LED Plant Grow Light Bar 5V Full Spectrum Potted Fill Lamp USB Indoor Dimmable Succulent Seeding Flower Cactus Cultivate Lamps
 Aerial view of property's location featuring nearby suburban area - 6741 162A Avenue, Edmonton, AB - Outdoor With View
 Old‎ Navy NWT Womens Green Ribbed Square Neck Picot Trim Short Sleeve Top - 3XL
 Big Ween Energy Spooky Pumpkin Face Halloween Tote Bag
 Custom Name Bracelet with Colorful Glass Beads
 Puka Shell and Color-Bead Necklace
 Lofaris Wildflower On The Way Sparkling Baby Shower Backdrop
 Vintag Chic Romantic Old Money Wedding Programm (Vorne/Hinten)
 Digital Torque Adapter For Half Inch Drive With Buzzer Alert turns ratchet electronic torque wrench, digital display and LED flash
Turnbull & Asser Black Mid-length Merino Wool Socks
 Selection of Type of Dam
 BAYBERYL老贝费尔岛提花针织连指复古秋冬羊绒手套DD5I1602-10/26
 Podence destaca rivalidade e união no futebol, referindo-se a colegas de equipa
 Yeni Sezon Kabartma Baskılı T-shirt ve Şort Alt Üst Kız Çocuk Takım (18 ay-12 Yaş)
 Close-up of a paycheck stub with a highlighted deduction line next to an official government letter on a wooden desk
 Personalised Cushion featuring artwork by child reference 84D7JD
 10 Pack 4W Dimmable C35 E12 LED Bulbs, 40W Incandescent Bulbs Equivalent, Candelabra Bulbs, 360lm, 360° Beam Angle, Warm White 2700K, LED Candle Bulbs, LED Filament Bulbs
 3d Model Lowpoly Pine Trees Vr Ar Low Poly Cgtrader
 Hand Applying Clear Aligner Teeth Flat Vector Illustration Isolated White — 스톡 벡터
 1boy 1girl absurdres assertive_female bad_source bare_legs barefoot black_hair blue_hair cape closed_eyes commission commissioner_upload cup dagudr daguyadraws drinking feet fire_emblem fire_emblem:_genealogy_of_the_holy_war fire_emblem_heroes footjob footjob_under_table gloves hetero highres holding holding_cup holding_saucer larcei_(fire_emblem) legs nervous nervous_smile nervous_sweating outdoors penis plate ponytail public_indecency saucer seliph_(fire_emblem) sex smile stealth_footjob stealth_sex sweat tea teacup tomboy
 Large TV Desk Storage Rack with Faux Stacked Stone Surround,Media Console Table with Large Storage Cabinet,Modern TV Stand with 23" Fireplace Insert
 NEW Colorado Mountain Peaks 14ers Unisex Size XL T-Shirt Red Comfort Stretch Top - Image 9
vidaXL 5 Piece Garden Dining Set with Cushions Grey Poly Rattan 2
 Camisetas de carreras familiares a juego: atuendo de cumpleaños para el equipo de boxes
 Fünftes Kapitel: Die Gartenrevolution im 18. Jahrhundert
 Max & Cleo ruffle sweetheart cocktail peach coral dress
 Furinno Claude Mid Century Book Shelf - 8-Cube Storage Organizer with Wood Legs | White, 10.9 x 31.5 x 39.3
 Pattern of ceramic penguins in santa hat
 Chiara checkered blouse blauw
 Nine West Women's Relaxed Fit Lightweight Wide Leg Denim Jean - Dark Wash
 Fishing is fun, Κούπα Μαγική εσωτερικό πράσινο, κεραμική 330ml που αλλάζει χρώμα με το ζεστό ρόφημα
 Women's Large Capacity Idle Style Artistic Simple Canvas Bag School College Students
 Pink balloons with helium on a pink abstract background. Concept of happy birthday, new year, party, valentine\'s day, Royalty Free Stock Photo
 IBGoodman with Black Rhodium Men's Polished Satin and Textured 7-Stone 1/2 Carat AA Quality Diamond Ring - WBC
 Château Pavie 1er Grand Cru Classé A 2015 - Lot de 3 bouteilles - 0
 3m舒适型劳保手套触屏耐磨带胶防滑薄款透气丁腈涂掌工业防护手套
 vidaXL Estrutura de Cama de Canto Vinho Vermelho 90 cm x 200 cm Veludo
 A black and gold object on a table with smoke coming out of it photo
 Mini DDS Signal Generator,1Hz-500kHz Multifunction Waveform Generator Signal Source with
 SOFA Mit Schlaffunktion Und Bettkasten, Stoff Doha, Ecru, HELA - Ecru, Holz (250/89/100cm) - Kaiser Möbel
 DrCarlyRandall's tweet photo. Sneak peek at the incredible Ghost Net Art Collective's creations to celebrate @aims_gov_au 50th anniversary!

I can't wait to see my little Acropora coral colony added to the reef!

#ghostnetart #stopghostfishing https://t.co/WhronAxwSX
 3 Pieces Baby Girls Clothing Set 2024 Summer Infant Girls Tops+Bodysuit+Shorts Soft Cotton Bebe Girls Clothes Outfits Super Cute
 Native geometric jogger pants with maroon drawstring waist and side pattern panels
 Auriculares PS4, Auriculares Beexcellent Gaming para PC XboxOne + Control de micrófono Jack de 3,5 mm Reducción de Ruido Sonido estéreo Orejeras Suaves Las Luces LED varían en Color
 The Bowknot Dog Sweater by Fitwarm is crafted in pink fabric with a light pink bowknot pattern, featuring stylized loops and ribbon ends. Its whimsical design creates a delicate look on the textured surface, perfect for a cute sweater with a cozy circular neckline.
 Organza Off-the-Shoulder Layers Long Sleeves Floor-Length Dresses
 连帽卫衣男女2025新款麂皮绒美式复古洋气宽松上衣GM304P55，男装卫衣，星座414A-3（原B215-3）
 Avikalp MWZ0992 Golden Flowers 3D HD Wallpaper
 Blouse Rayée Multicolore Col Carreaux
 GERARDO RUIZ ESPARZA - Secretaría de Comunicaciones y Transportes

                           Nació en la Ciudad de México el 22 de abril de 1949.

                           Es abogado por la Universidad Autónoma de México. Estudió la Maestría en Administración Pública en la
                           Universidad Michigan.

| REQUIRED WORK |
All lines in the entries above that hold the word "Universidad" need to be copied.

| SOLUTION BELOW |
                           Es abogado por la Universidad Autónoma de México. Estudió la Maestría en Administración Pública en la
                           Universidad Michigan.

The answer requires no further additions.